2012’deki hükümet krizinin ardından görevinden ayrılan bakanların yerine kendisine yakın isimleri de vekaleten bakan olarak görevlendiren Nuri Maliki, hükümeti ulusal birlik hükümetinden çoğunluk hükümetine dönüştürmüştür.

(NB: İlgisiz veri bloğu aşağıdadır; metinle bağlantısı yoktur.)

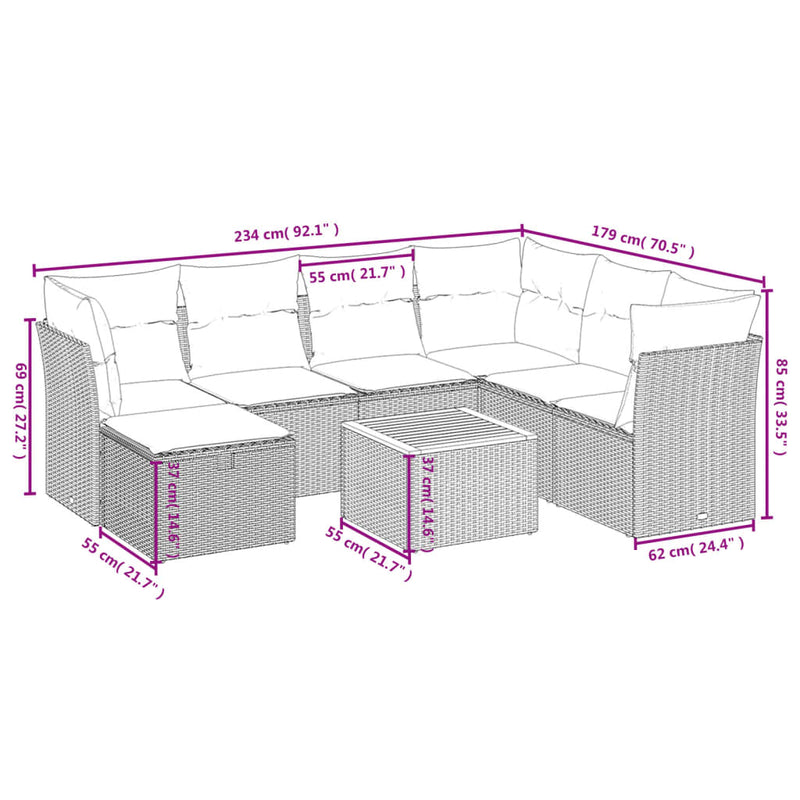 vidaXL 8 Piece Garden Sofa Set with Cushions Grey Poly Rattan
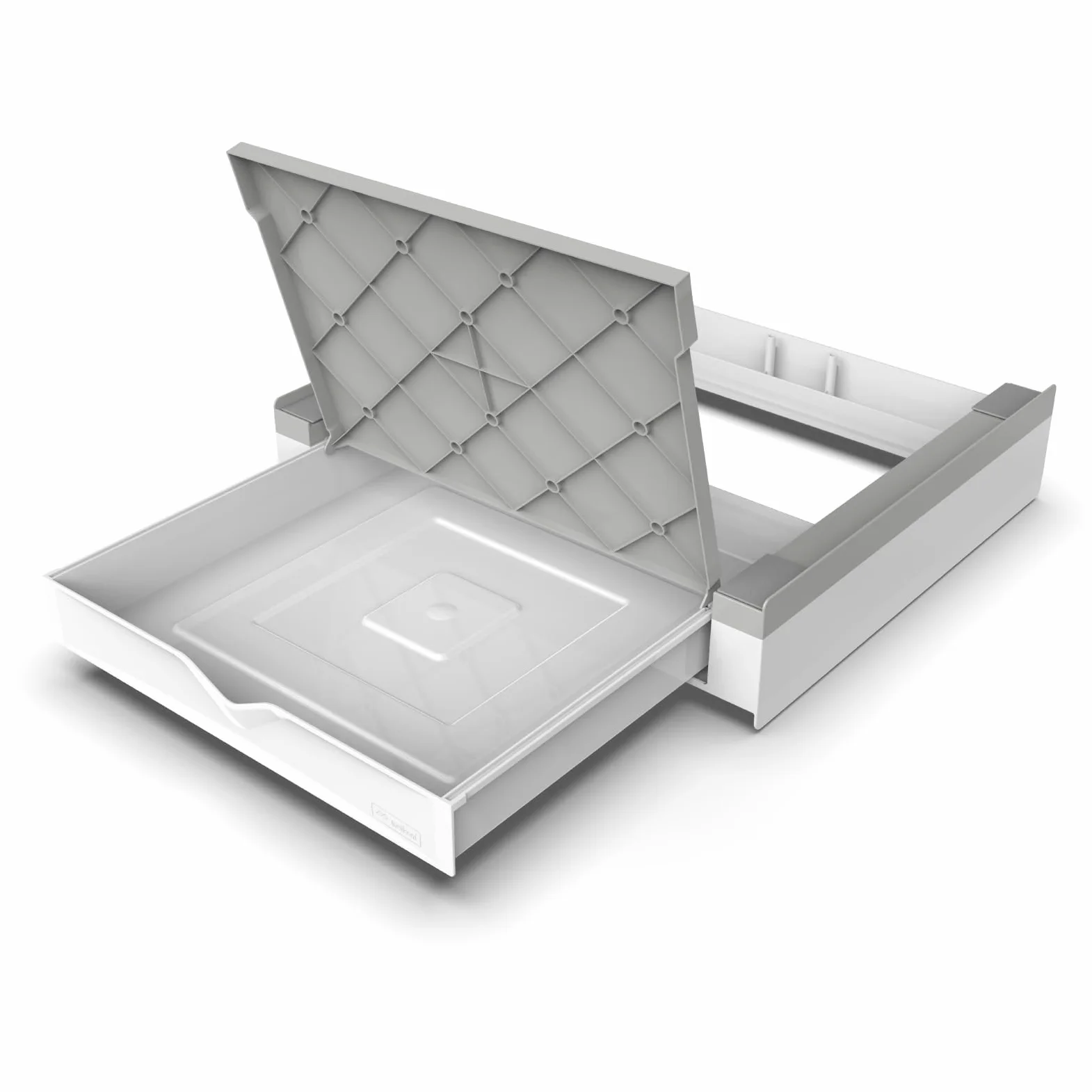 Meliconi Torre Duo, Kit Apilamiento Lavadora Secadora 2 en 1 | Premontado, con Estante de Apoyo y Compartimento de Almacenamiento, Cinta de Seguridad, Capacidad 250kg, Made in Italy, Negro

Bu süreçte 2010’dan sonra neredeyse tüm Şii grupların içerisinde yer aldığı Ulusal İttifak’ın kurulmasına rağmen Maliki’nin bu ittifaktan bağımsız hareket etmesi diğer Şii grupları rahatsız etmiş ve Maliki’nin Şii birlikteliğini bozduğuna ilişkin görüş birliğine yol açmıştır.
 
Bununla birlikte merkezi hükümette elde ettiği pozisyonu yerel siyaset için de kullanan Nuri Maliki’nin, diğer Şii grupların vilayet yönetimlerindeki etkisini sınırlamaya ve Şii bölgelerinde hakimiyet kurmaya çalışması da Şii gruplar içerisinde Maliki’ye yönelik tepkiyi artırmıştır. Öte yandan Irak’taki siyasi ve güvenlik krizinin sorumlusu olarak da Maliki görülmekte ve Sünniler ile Kürtleri ötekileştirerek krizi derinleştirdiğine inanılmaktadır.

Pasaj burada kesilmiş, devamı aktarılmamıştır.